Of the four books in the Zombie Bible series, I have read two: What Our Eyes Have Witnessed, and Death Has Come Up Into Our Windows. I wasn’t sure what to expect. "Zombie" and "Bible" were two words I did not think I would see sharing a title. "The Zombie Bible series is surprisingly good" is not a sentence I anticipated writing either. Nevertheless, there it is.

According to his website, Mr. Litore's first book, Death Has Come Up into Our Windows, reached the #2 horror bestseller on Kindle in December 2011 before being translated into several languages. While he has continued to write, he has been a guest on numerous Comic Con panels, appeared in podcast interviews for ReelNerds and The Geek Port, and been featured in “The Year’s Best New Sci-Fi” at NPR (March 2014). He has also received coverage in multiple magazines, including the Seattle Post-Intelligencer, the Huffington Post, SF Signal, and Weird Fiction Review (check out the link here for more media coverage). 

Stant Litore takes both zombies and the Bible seriously. He writes, “My first real encounter with the stories of the Old Testament occurred when I was a second-grader. Someone at school gave me a Bible and I took it home and (because I was an insanely fast reader) I plowed through Genesis before going to sleep that night. Those stories were compelling; they had me riveted. And they had me asking all kinds of questions. I wanted my readers to have that experience.”  

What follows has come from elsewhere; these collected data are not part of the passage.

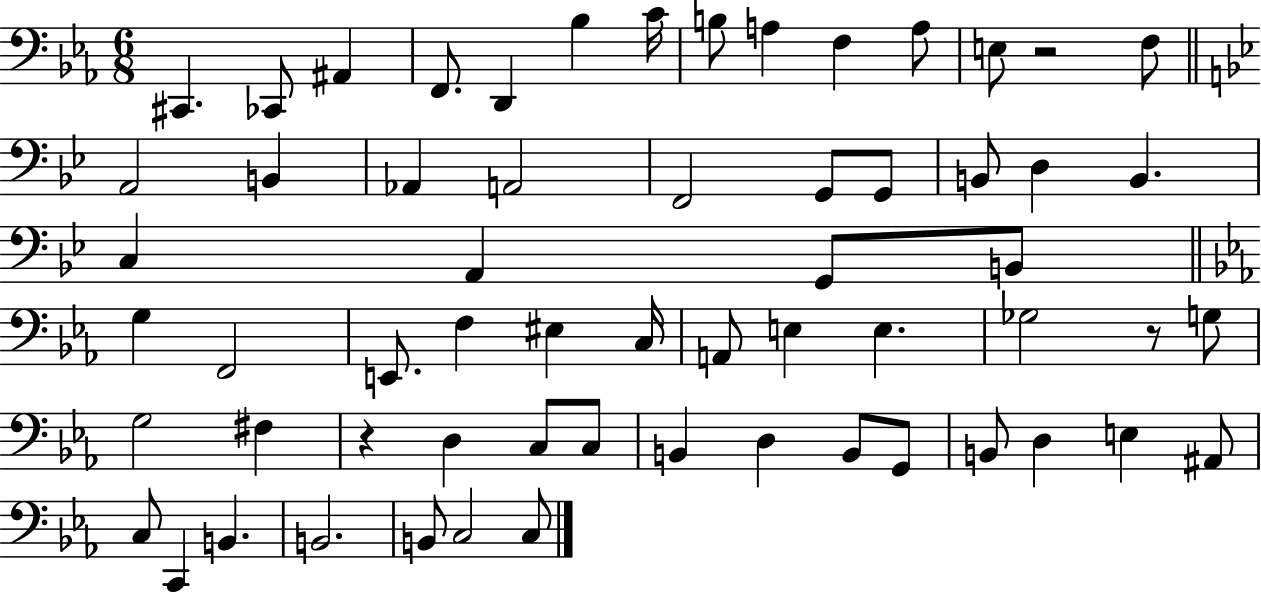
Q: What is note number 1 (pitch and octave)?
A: C#2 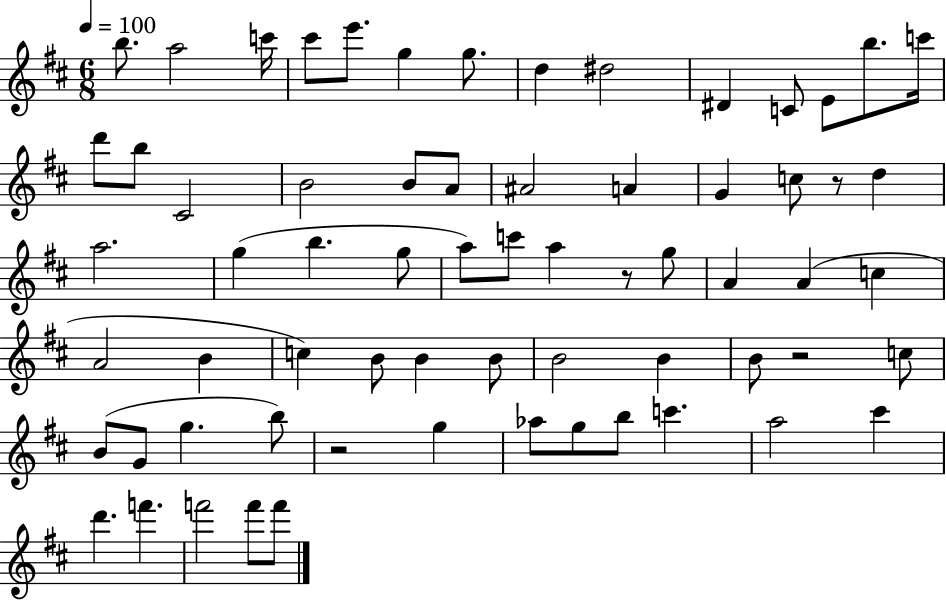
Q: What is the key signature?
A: D major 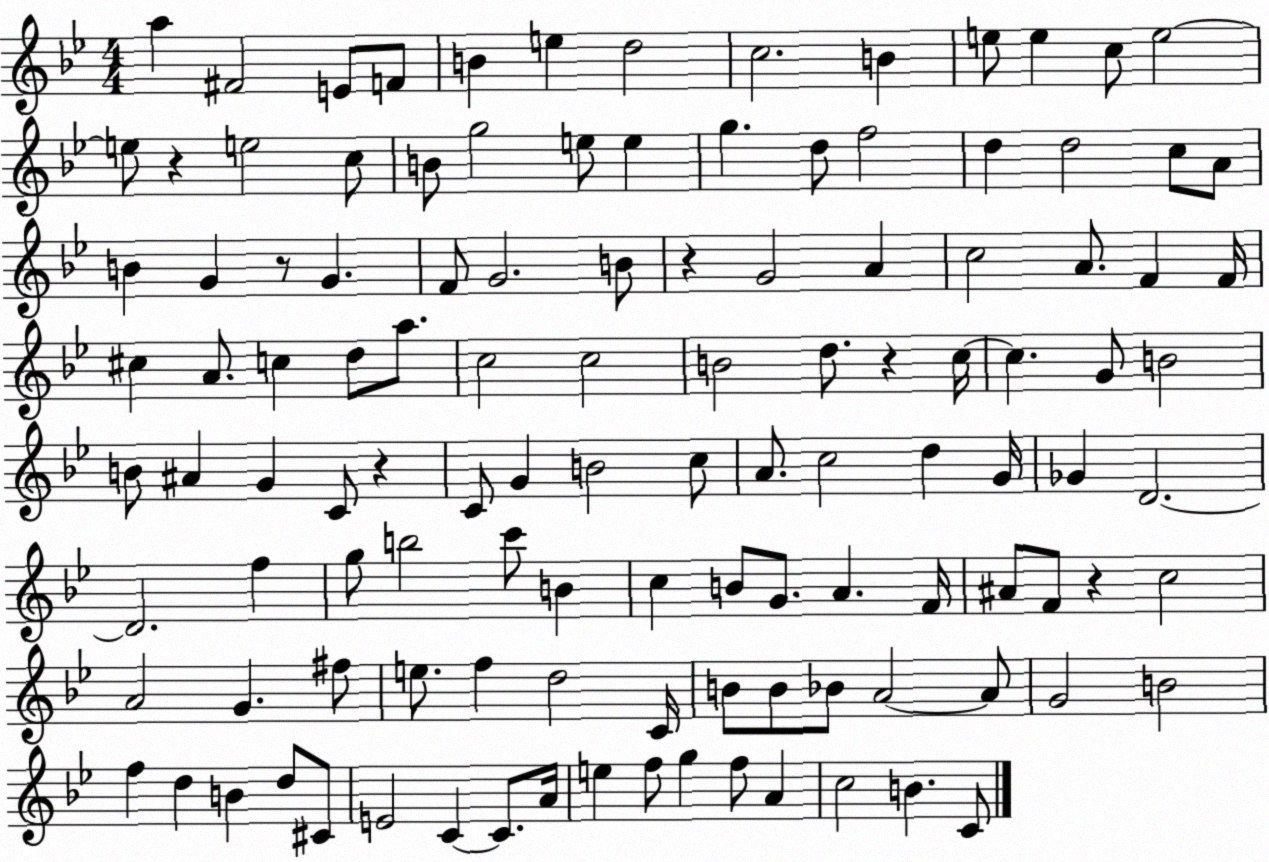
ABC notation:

X:1
T:Untitled
M:4/4
L:1/4
K:Bb
a ^F2 E/2 F/2 B e d2 c2 B e/2 e c/2 e2 e/2 z e2 c/2 B/2 g2 e/2 e g d/2 f2 d d2 c/2 A/2 B G z/2 G F/2 G2 B/2 z G2 A c2 A/2 F F/4 ^c A/2 c d/2 a/2 c2 c2 B2 d/2 z c/4 c G/2 B2 B/2 ^A G C/2 z C/2 G B2 c/2 A/2 c2 d G/4 _G D2 D2 f g/2 b2 c'/2 B c B/2 G/2 A F/4 ^A/2 F/2 z c2 A2 G ^f/2 e/2 f d2 C/4 B/2 B/2 _B/2 A2 A/2 G2 B2 f d B d/2 ^C/2 E2 C C/2 A/4 e f/2 g f/2 A c2 B C/2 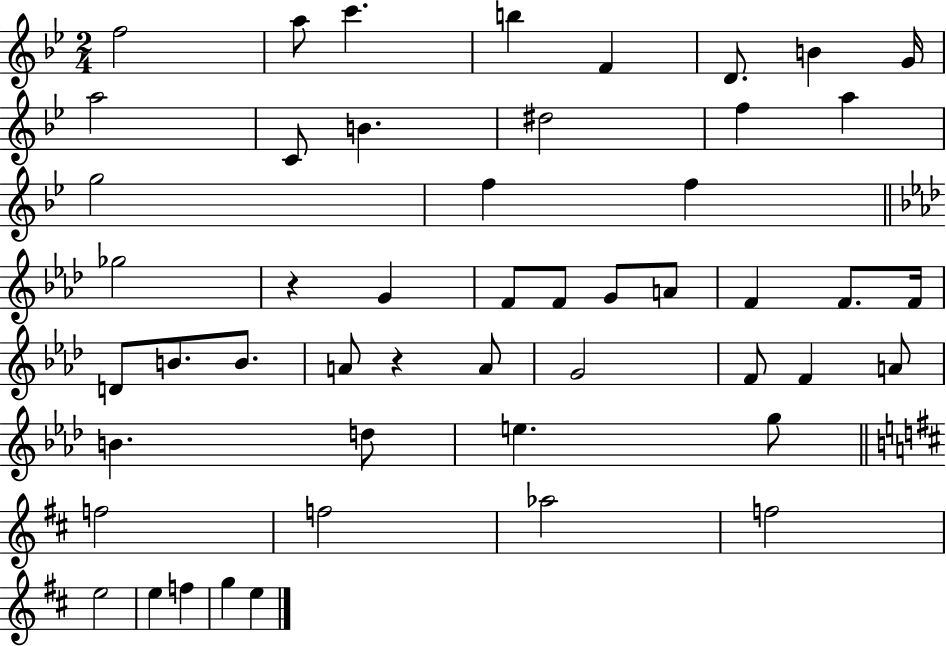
F5/h A5/e C6/q. B5/q F4/q D4/e. B4/q G4/s A5/h C4/e B4/q. D#5/h F5/q A5/q G5/h F5/q F5/q Gb5/h R/q G4/q F4/e F4/e G4/e A4/e F4/q F4/e. F4/s D4/e B4/e. B4/e. A4/e R/q A4/e G4/h F4/e F4/q A4/e B4/q. D5/e E5/q. G5/e F5/h F5/h Ab5/h F5/h E5/h E5/q F5/q G5/q E5/q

 He wrote more about the Bible in a blog post entitled “Stant Litore on the Bible: How and Why IRead It.” I don't normally quote this much, but I think establishing his intent is important.
“This record opens with two ethical statements in Genesis 1:  
       God looked on creation and pronounced it to be “good.”

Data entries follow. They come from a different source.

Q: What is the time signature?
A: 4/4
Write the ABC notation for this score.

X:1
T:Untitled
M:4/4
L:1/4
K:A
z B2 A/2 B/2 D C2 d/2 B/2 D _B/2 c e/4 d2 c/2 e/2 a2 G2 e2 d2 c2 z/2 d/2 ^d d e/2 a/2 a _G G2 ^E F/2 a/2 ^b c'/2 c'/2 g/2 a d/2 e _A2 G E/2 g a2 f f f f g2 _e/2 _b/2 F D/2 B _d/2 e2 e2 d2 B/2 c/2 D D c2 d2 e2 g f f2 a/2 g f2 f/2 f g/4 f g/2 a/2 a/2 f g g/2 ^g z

       Male and female, we were each created in the likeness of the divine.
The thousand-odd pages that follow consist of 66 books (slightly fewer, slightly more, depending on which Bible) that debate these two ethical propositions (and others), across three continents (Asia, Africa, and Europe), three languages (Hebrew, Aramaic, and Greek), and nearly a millennium of writing. You have a collection of legal texts, historical chronicles, poems, sermons, letters, testimonies, hagiographies, collections of proverbs, and dream-stories that wrestle with what these ethical statements mean, what these statements imply about God or about people, and whether/how/in what ways these statements might be lived and practiced in real life...” 
One way to read significant passages in the Old Testament is to read them as dozens of different views of how the Hebrews struggled with two directions that often appeared contradictory: Shelter the stranger on the one hand; on the other, keep your own people safe and secure as well as separate and sacred as a “chosen people.” An ethical conflict that we get to watch in action... 
 In some accounts, the view that is privileged is “shelter the stranger.” In others, the view that is privileged is reject the stranger — violently, if need be. In the New Testament (in Galatians), Paul says that there is no Greek, no Hebrew, no male, no female, no master, no slave in God’s sight. In other words, race, gender, and class are seen as arbitrary and manmade distinctions. But then Paul has to wrestle with how to make this practical. What if a Christian woman has married a man who worships the old gods? What then? He wrestles with the issue, indicating what he thinks is right, and concludes with the direction that his readers must search their own hearts. 
They must wrestle with it. 
As readers, these stories, poems, and letters invite us into the wrestling match. Because make no mistake, we have to ask the very same questions that were asked thousands of years ago. Are we to shelter the stranger? How does this impact our views on immigration? How does it effect what we do when our child brings home someone of another race for dinner? “Who is my neighbor?” one listener asks Jesus, and gets a very uncomfortable story in response. Who am I responsible for loving and sheltering? 
You can take any number of ethical statements proposed in the Bible, and watch it get wrestled with, generation after generation, story after story, letter after letter. The Bible is not a consistent plotline or a manual; it’s a record of centuries of intense wrestling and it is an invitation for us to wrestle — openly, honestly — with these ideas. Ideas that have shaped and troubled our world. Ideas that are radical and important.”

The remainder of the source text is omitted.